US Drug Czar Clarifies That Marijuana Remains Illegal Despite Federal Rescheduling

The Cannabis Observer ·
US Drug Czar Clarifies That Marijuana Remains Illegal Despite Federal Rescheduling

Sara Carter Bailey, director of the White House Office of National Drug Control Policy (ONDCP), told Newsmax this week that the move to reschedule marijuana does not make the drug broadly legal. “It’s still illegal,” she said. “Executive-level Schedule III allows for doctors and research and for medicine, for medicinal purposes.”

Bailey was responding to a question about marijuana potency during an interview on the administration’s new National Drug Control Strategy. That document raises alarm about “high-potency” marijuana, warns that international cartels exploit state cannabis legalization laws, and addresses the forthcoming federal recriminalization of hemp THC products under a law signed by President Donald Trump.

Bailey also flagged illicit marijuana grows linked to the Chinese Communist Party, the Sinaloa cartel, and the Cártel Jalisco Nueva Generación, with potency recorded as high as 90 percent in some products. She warned against adversarial nations purchasing U.S. farmland through straw men to grow illicit cannabis, calling law enforcement action against such operations a priority.

Under an order signed last month by Acting Attorney General Blanche, marijuana products covered by a state medical cannabis license moved immediately to Schedule III of the Controlled Substances Act (CSA), along with any FDA-approved marijuana products.

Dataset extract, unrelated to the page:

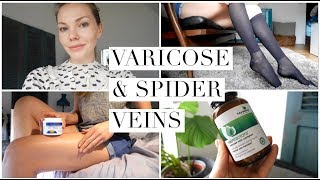 Spider Veins Treatment At Home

The Congressional Research Service released a report last week clarifying that certified patients possessing medical cannabis from state-licensed dispensaries now have certain Schedule III protections, but the industry overall is not “immediately” in “full compliance” with federal law. “Thus, the order appears to authorize end users to possess marijuana for medical use without a CSA-compliant prescription,” the report stated, while noting that non-end-users in the state-legal cannabis industry may find that “the final order may make it possible for them to comply with the CSA, but may not bring them into full compliance with federal law.”

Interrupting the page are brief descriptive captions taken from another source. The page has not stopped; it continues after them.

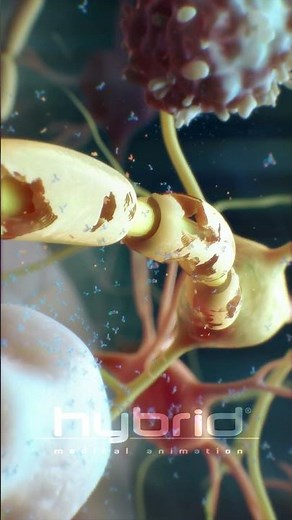 Multiple sclerosis (MS) animation | myelin sheath destruction | medical animation | MS animation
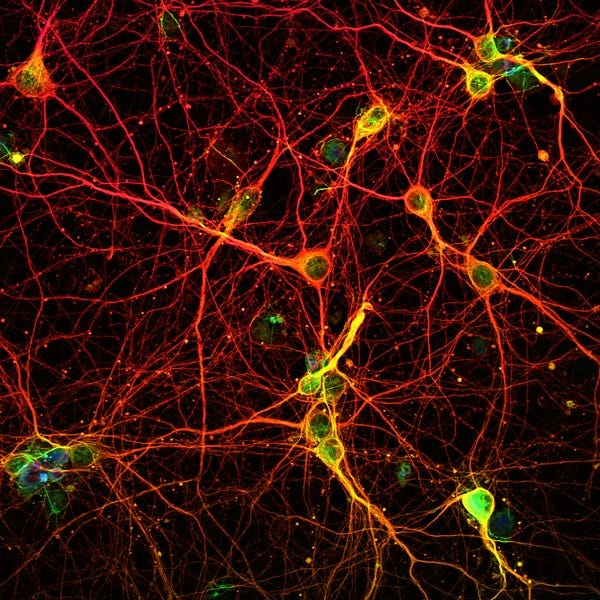 Neurons in the brain and their activity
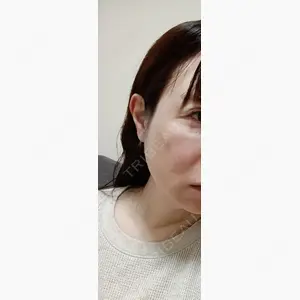 AZ BEAUTY CLINIC口コミ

Before her confirmation as drug czar, Bailey had expressed support for medical cannabis and said she had no “problem” with legalization. “I don’t have any problem if it’s legalized and it’s monitored,” she said in 2024. “I may have my own issues of how I feel about that, but I do believe that cannabis for medicinal purposes and medical reasons is a fantastic way of handling—especially for people with cancer and other illnesses, you know—of handling the illness and the side effects of the medication and those illnesses. So I’m not saying we’ve gotta make it illegal.”